Riley Woodford is the Empire's Arts & Entertainment editor. He can be reached at firstname.lastname@example.org.
The Juneau Symphony launches the fall season Saturday night, Oct. 26, with a concert at Centennial Hall. The symphony's principal flutist Sally Schlichting will be featured in Reinecke's Flute Concerto. The concert will also include Mozart's "Don Giovanni" Overture and Rimsky-Korsakov's "Scheherazade."
Maestro Kyle Wiley Pickett will give an informal preconcert talk at 7 p.m. This is not a lecture, but a casual presentation about the music. Pickett offers interesting details and stories that really compliment the music.
The symphony has made a number of small modifications to the staging at Centennial Hall. The quality of the sound in the hall varies, depending on where you sit, and the symphony's changes are intended to even that out. I know some folks are worried about the venue but I have heard some excellent concerts in the hall. The symphony is also using live video and will set up a screen and project the performance as it plays. There will also be subtle sound reinforcement. There are some weird dead spots and if you find yourself sitting in one, move to another seat at the intermission.
The classic Greek play "Antigone" will be staged four times this weekend only. The relatively short (about a half-hour) production is the latest offering by Perseverance Theatre's Young Shakespeare Training Company.
I haven't seen this show yet, but I was thoroughly entertained by "The Merchant of Venice" and "Julius Caesar," the last two shows that involved many of the same young actors. The players are 11 to 15 years old, but all have training and stage experience under their belts.
"Antigone" will be performed in an unusual venue, the Marie Drake Planetarium, and the audience will surround the performers on all sides. Admission is free but seating is limited and folks should call 364-2421, ext. 26, to reserve seats.
Theatre in the Rough brings Shakespeare's "King Lear" to the stage Saturday night for a four-week run in Juneau.
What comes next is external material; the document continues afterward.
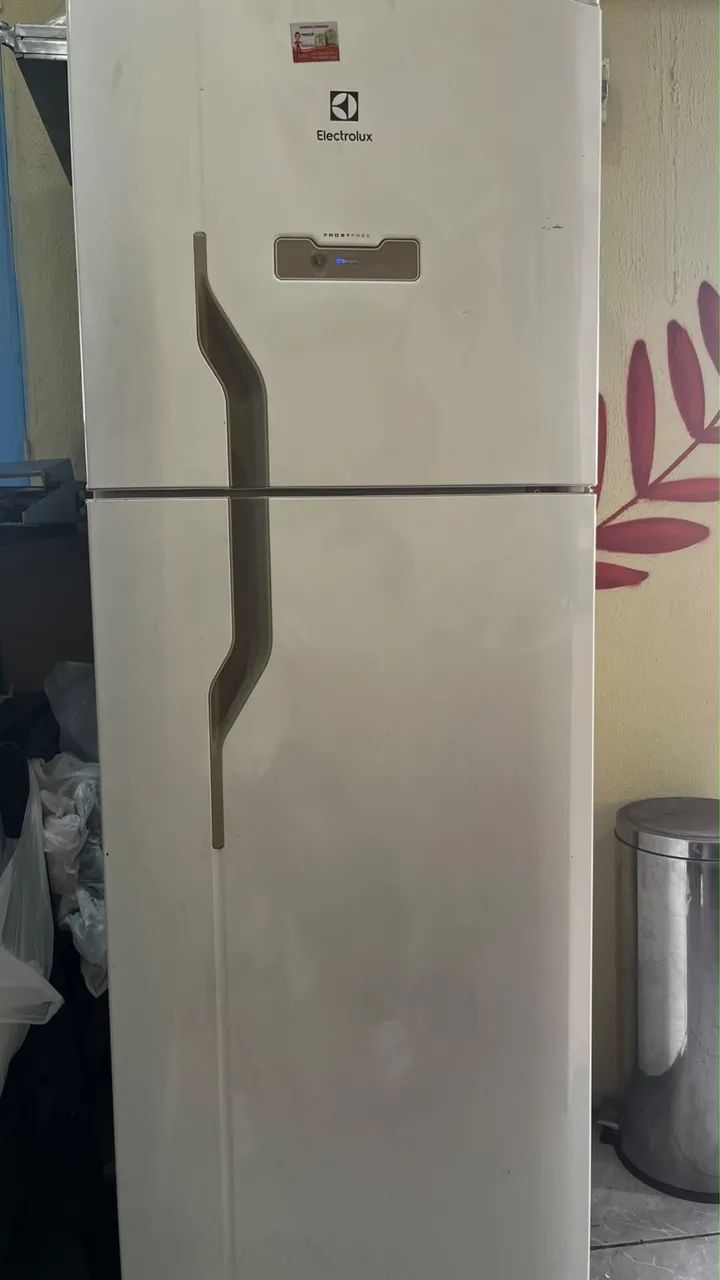Geladeira Electrolux  - Foto 4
Like "Antigone," the story looks at a king who makes a (bad) decision and then refuses to back down, with disastrous consequences.
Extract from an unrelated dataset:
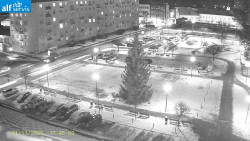 Náměstí Republiky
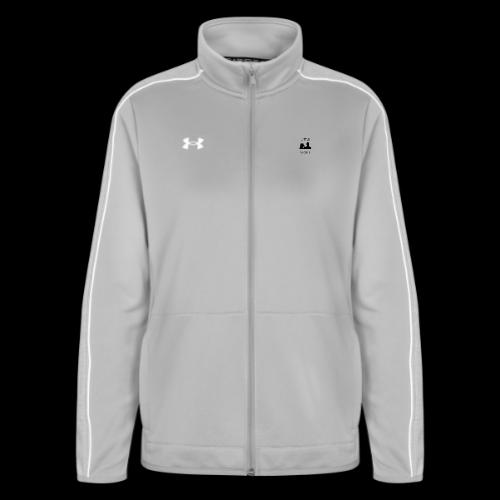 Little Secret - Under Armour Women's Command Full Zip 2.0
I read "Lear" in high school and loved it, but I had a literature teacher holding my hand and leading me through it. It is a great story, but not a simple one. The cast and crew of Theatre in the Rough are well-qualified to bring it to life. I watched a rehearsal this week and was reminded again of the talents of all the people involved. Producers Katie Jensen and Aaron Elmore have tremendous theatrical sensibilities and bring out the best in the people they work with.
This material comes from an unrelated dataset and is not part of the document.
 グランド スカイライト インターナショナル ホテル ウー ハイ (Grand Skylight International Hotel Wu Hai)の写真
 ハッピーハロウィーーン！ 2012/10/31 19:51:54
All performances are at 7:30 p.m. in McPhetres Hall. There will be a dress rehearsal performance Thursday, Oct. 24, and the show opens Saturday, Oct. 26. Because there is no Friday show, there will be a show Sunday, Oct. 27, the only Sunday show of the run. All other performances are Thursday, Friday and Saturday nights, through Nov. 16.
The staging is simple, but the costumes are outstanding. An arsenal of medieval weaponry adorns the cast and swords are drawn. I have nothing against the bombast of Hollywood movies, with tanker trucks exploding into oil refineries and space ships blowing up, but Elmore and Jensen manage to get more drama and impact out of a good script and pieces of silk and metal.
If you're forced to choose this weekend between the symphony or "King Lear," go to the concert. Lear will be performed 14 times over the next month and this concert is a one-time opportunity. The symphony performs just four times a year.
This weekend the Gold Town Nickelodeon Theater is presenting "Time of Favor," an Israeli film set in the hills of the West Bank. It's a contemporary drama, a political thriller and love story set amid the current social and political climate of Israel and offering insight into contemporary Israeli society.
"Time of Favor" tells the story of Menachem, a deeply religious young man and a superb soldier. Thanks in part to the influence of Rabbi Meltzer, Menachem gets the chance to create his own elite Orthodox unit for the Israeli army. Menachem also has a quiet crush on the rabbi's daughter Michal. He and Michal are both distraught when the rabbi tries to arrange Michal's marriage to a Yeshiva student who is also Menachem's friend.
Michal is a fiercely independent young woman and resents her father's devotion to Israel at the expense of his family. The situation gets far more complicated when Menachem is implicated in a fanatical plot to blow up the Dome of the Rock, the mosque on the Temple Mount in Jerusalem.